2020 · Python · BeautifulSoup · Gmail API · openpyxl

Impact

  • Replaced 20 minutes of daily manual copy-paste with a single button click
  • Eliminated transcription errors that came from copying HTML tables into Excel by hand
  • Rolled out to operations teams in Singapore, Australia, the US, and the Netherlands

Business Problem

The logistics partner sent stock update emails in HTML format: tables embedded in the email body, one email per warehouse. The operations team would manually copy these tables into Excel, once per warehouse, across multiple countries. The work was repetitive, error-prone, and done daily across teams in different time zones.

Solution Design

A local application with a single button. On click: authenticate with Gmail, find the relevant emails, parse the HTML tables with BeautifulSoup, format the data, and write it to a structured Excel file with one sheet per warehouse, correctly laid out for the operations workflow.

No server, no infrastructure, no maintenance overhead. A button that replaces 20 minutes of copy-paste.

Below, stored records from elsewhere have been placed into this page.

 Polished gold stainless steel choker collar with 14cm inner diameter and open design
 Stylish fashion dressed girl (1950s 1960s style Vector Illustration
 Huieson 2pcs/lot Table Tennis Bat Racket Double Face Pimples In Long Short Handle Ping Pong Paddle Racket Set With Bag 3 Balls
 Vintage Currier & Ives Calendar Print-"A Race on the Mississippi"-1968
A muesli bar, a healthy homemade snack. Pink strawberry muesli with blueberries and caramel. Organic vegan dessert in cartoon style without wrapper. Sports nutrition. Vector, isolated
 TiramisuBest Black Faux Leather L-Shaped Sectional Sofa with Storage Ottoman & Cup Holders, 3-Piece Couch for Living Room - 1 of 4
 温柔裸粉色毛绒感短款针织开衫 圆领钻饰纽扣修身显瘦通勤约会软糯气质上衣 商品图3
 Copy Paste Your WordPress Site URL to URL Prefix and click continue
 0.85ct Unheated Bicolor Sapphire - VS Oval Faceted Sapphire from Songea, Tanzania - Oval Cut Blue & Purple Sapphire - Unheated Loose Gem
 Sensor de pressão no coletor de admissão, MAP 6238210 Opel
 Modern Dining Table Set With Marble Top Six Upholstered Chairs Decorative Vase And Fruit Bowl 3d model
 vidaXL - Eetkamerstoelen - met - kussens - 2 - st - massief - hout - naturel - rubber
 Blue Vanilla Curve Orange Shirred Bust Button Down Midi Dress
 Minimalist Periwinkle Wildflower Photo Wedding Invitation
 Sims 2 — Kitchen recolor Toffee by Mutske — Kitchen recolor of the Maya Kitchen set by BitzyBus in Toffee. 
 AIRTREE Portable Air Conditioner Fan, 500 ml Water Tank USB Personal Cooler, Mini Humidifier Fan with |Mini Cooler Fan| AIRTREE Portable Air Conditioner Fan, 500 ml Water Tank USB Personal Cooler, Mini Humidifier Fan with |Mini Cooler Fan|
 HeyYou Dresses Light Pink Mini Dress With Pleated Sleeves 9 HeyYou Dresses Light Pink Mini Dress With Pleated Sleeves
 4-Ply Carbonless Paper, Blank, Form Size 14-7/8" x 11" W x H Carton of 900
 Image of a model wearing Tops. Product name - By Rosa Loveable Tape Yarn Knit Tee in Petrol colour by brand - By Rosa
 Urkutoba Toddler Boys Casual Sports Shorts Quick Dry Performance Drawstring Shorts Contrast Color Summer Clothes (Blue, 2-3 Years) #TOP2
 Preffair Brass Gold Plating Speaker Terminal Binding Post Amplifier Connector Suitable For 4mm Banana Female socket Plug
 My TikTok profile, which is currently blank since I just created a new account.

3PL stock update email scraper architecture
architecture_v1.svg

Technical Challenges

HTML email inconsistency. The 3PL stock update emails were not produced from a single template: different warehouses had slightly different table layouts, and formatting changed over time. BeautifulSoup parsing had to handle column ordering differences, extra header rows, and inconsistent whitespace without brittle column-index assumptions.

Local OAuth flow without a server. Gmail API authentication for a locally-run app with no backend means handling the OAuth redirect in a browser and storing credentials safely on the user's machine. Getting this to work reliably for non-technical operations users in four countries, without requiring any infrastructure, was the main setup challenge.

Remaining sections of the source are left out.